Building AI Agents: Designing the user experience
To design an agent, you (the developer) have three levers to consider:
What should the model control?
What should the developer (you) control?
What should the end-user control?
Model: How can you shape the model’s personality, reasoning and acting capability?
Tools: System instructions, Reinforcement learning
Key metric: Consistency ( e.g., clarifies assumptions?, selects the right set of tools?)
Type of evals: Human and LLM Graders (since the metric is subjective)
Key problems to solve:
Which model should I select?
How do I curate datasets with golden user prompts and reference answers for constructing baseline evals?
How do I tune system instructions to guide the model reasoning ? How do I analyze and trace model reasoning?
Can I improve model consistency by modifying its weights? Does my use-case rely on datasets that the general purpose models are not trained on?
How do I collect user traces or generate synthetic data to apply reinforcement learning to tune the model weights?
Developer: What agent architecture and set of tools will best process the user intent, and enable the model to complete actions?
Tools: Agent architecture and tools design including indexed search, MCP, native tools, memory
Key metric: Accuracy
Type of evals: objective scores (precision@K, recall@K, passed unit test) and LLM graders (e.g., is the PR summary accurate?)
Key problems to solve:
Which agent architecture is best suited for the use-case? How should I break down the workflow and define sub-agents with its own set of tools and system instructions to insert most relevant information at each point?
How do I iterate on available tools and tools definition to improve accuracy?
How do I define metrics and scoring rubrics or objective functions to automate evals?
User experience: What modalities are available to the user? Is the end-user experience responsive or proactive?

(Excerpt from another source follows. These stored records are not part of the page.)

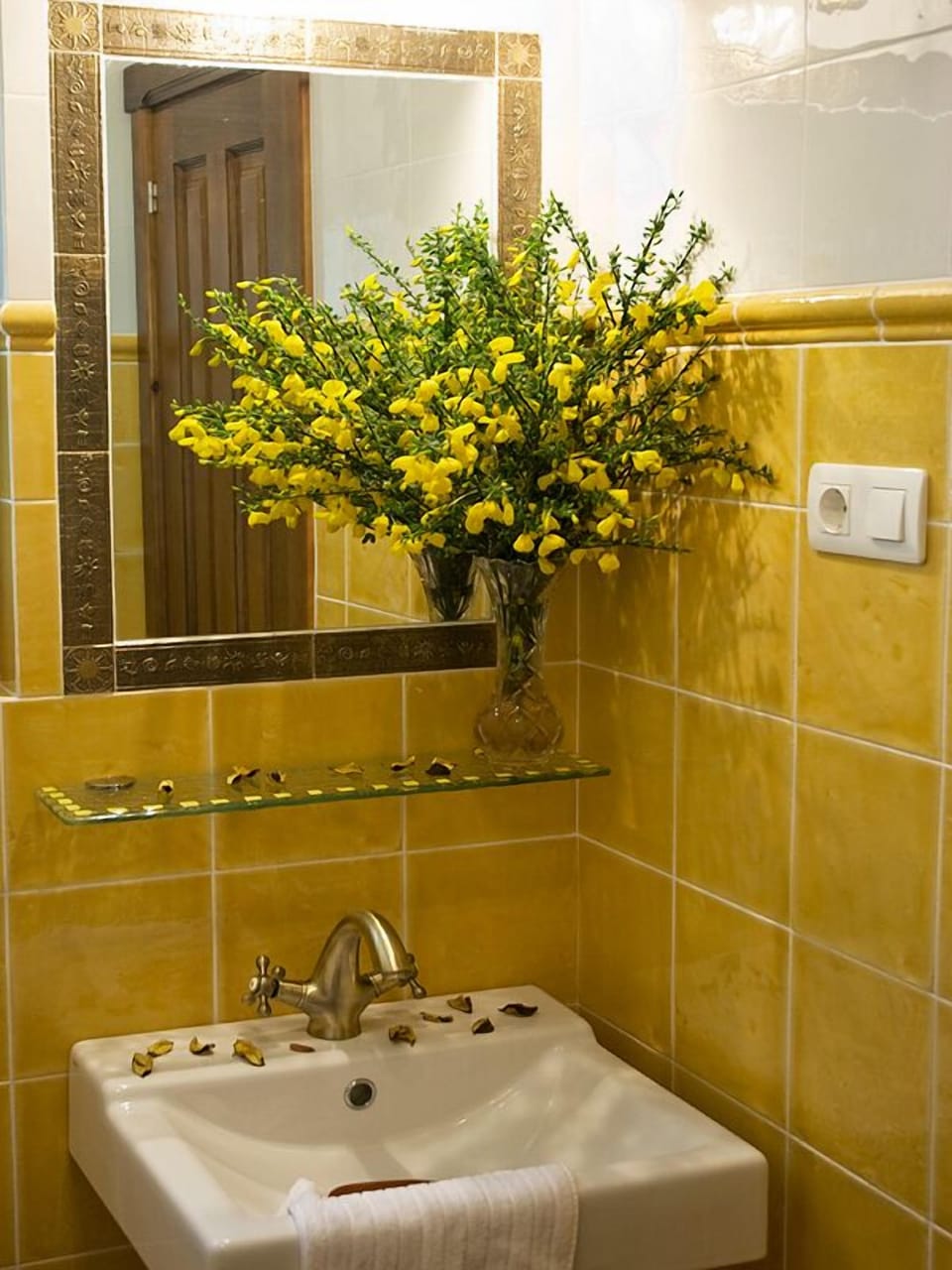 Shower, hydromassage showerhead, free toiletries, hair dryer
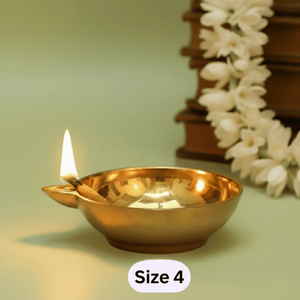 Lampe à huile artisanale en laiton plaqué or, support Diya sur piédestal, porte-mèche allongé, impression numérique pour la décoration de la maison, du temple et de Diwali - Product Image 5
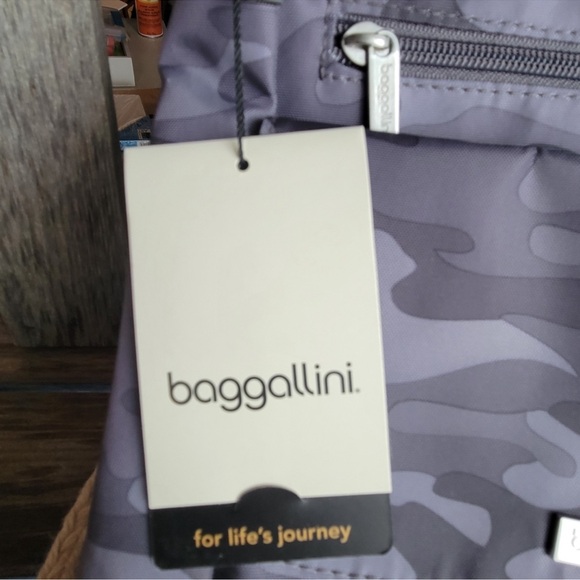 NWT Baggallini Town Crossbody Gray - Picture 12 of 12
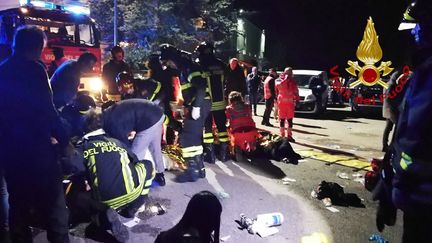 Des pompiers italiens interviennent à Corinaldo (Italie) après un mouvement de foule qui a fait six morts le 8 décembre 2018. (VIGILI DEL FUOCO / AFP)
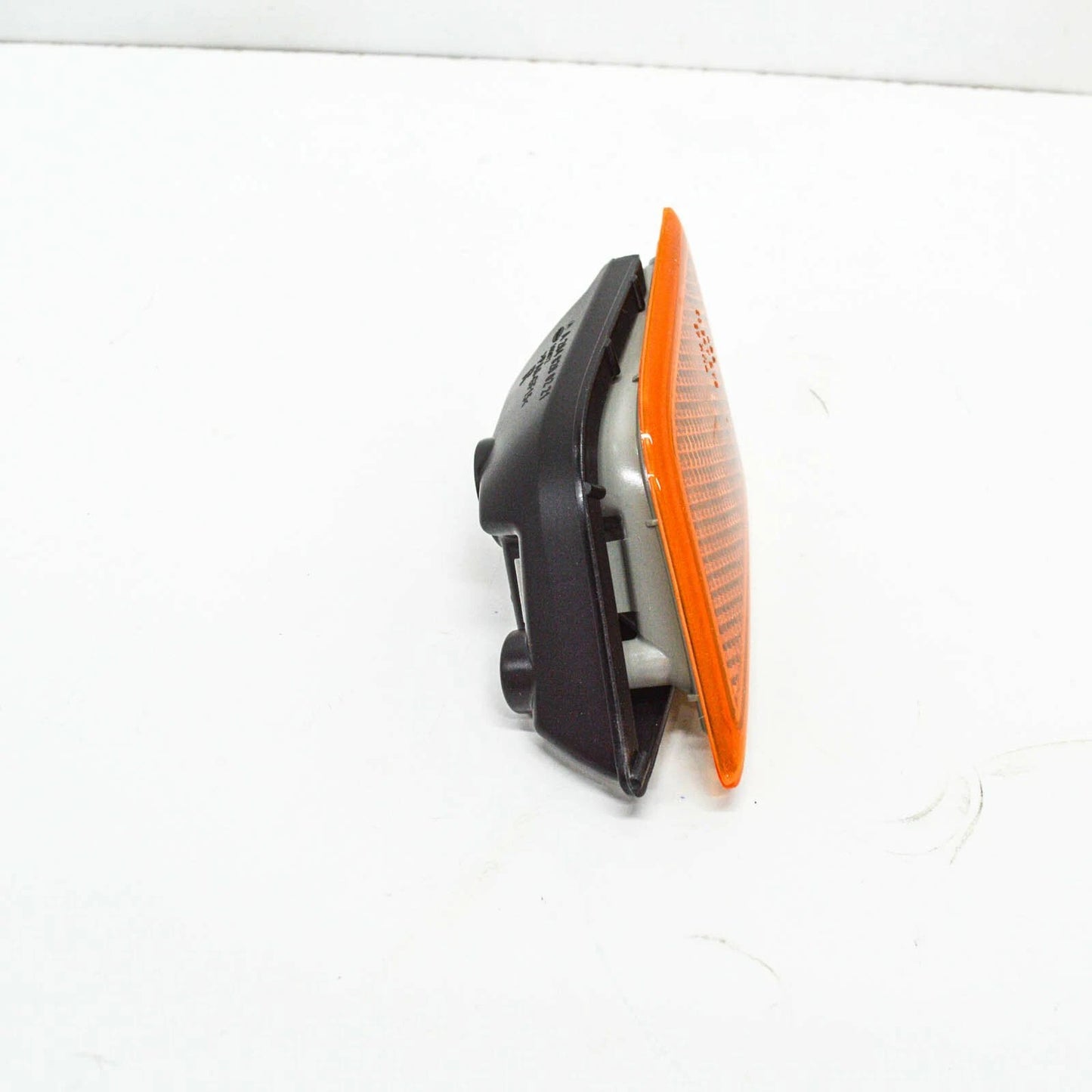 NEW MB C-CLASS W204 FRONT BUMPER RIGHT MARKER LIGHT A2048200221 ORIGINAL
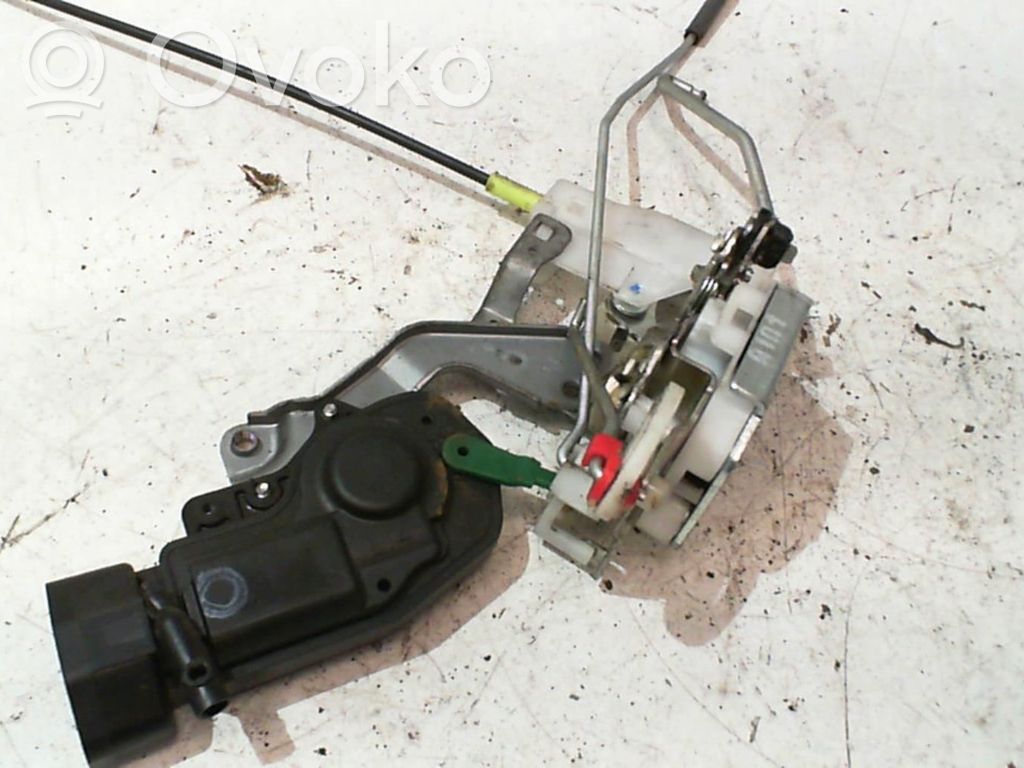 Peugeot 107 Priekšpusē slēdzene 
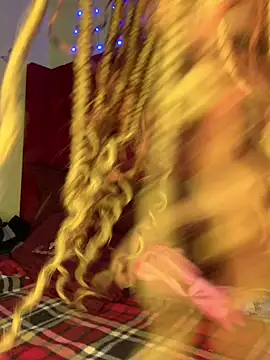 Seductive Yellow Titties online show from June 4, 8:42 am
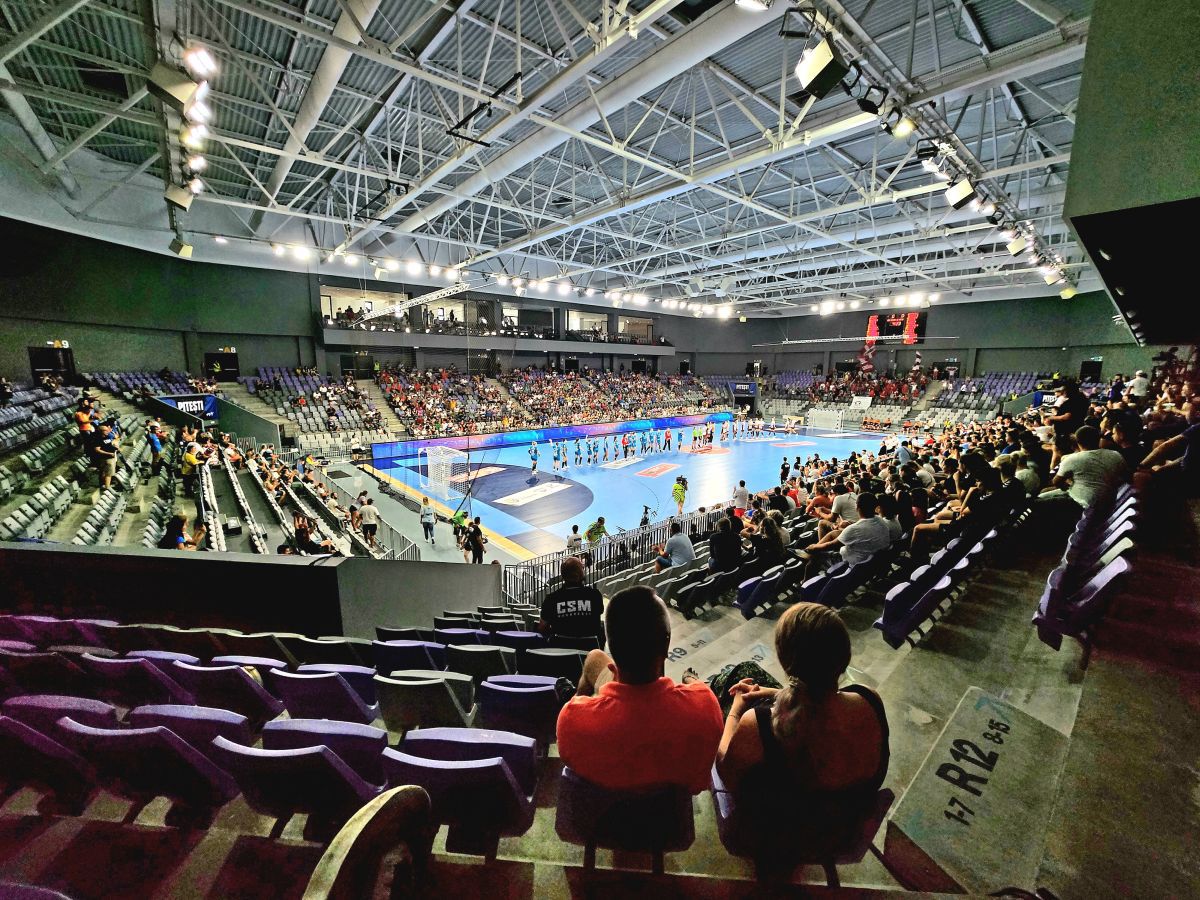 „SIUUUU!” » Cristina Neagu a sărbătorit triumful din Supercupă după modelul lui Cristiano Ronaldo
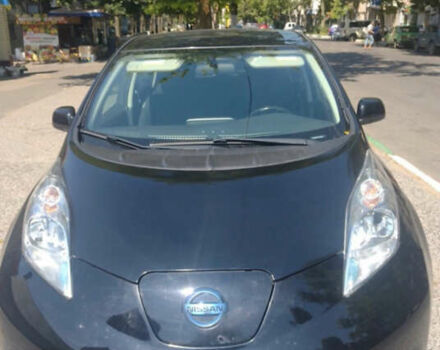 Чорний Ніссан Ліф, об'ємом двигуна 0 л та пробігом 110 тис. км за 6999 $, фото 6 на Automoto.ua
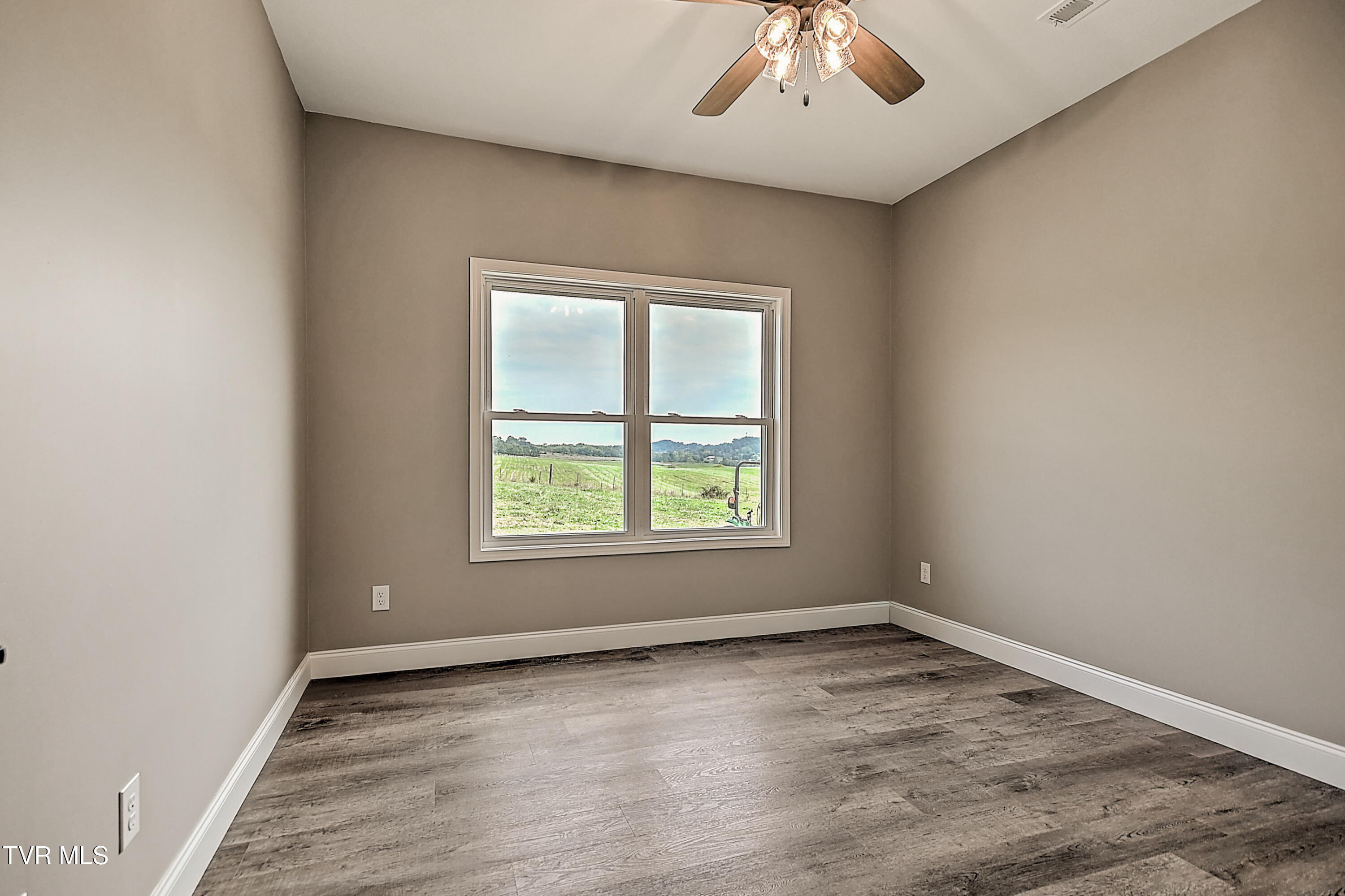 265 Red Tail Ridge, Unit LOT # 7 Greeneville, TN 37743 - Photo 16 of 41 205 Red Tail JK-17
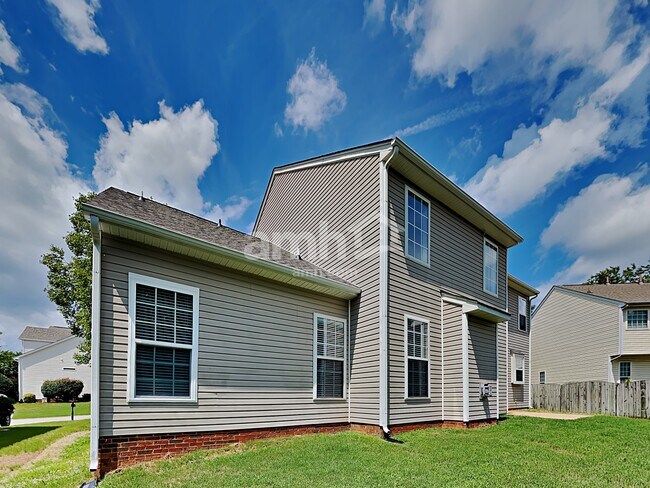 Building Photo - 8 Smokehouse Dr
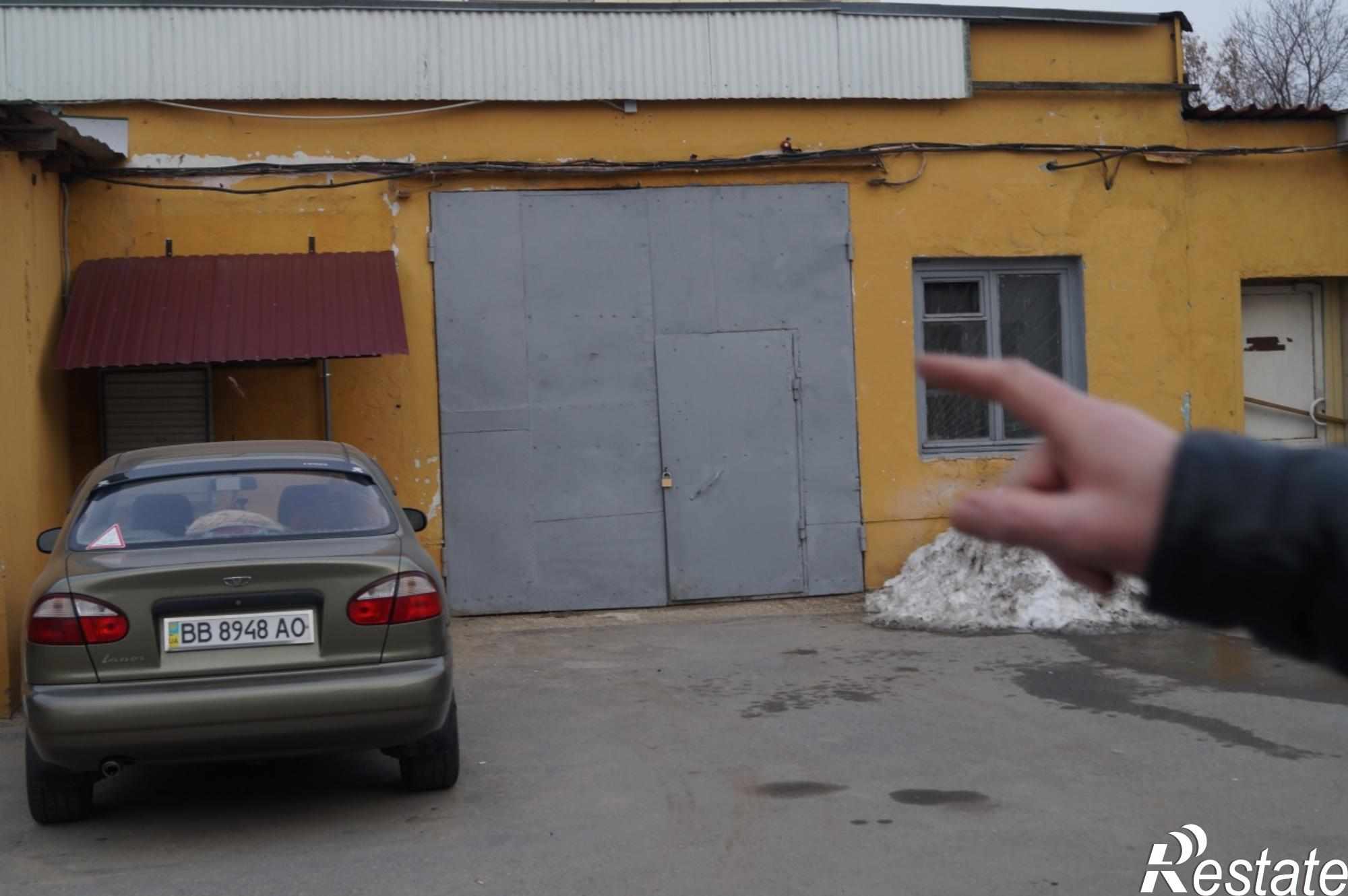 Сдать складское помещение за 22 500 рублей на проезд. Универсальный, д. 10а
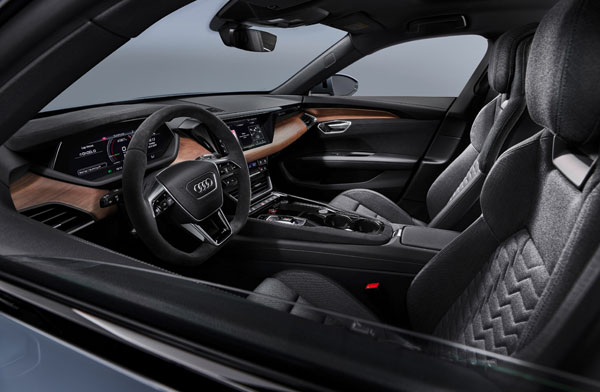 Audi e-Tron GT सेडान की बुकिंग आज से हुए शूरू, कंपनी जल्द ही करने वाली है लॉन्च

Tools: Inputs via speaking (voice), writing (inline, chat, keywords, prompt or rule files), selecting or loading data (files, MCP tool, image upload)
Key metric: Simplicity
Key problems to solve:
Which inputs should the user be able control?
Can I deliver a proactive agent with guardrails given my use-case? For example: a code reviewer agent that automatically gets triggered upon each PR is a proactive agent.
How to solve a MVP use-case completely while keeping the number of input modalities, and the number of user actions required minimal?
Are the user controls intuitive and visible, or hidden under hard to find settings?
Does this summary match your own experience or learnings while designing AI agents?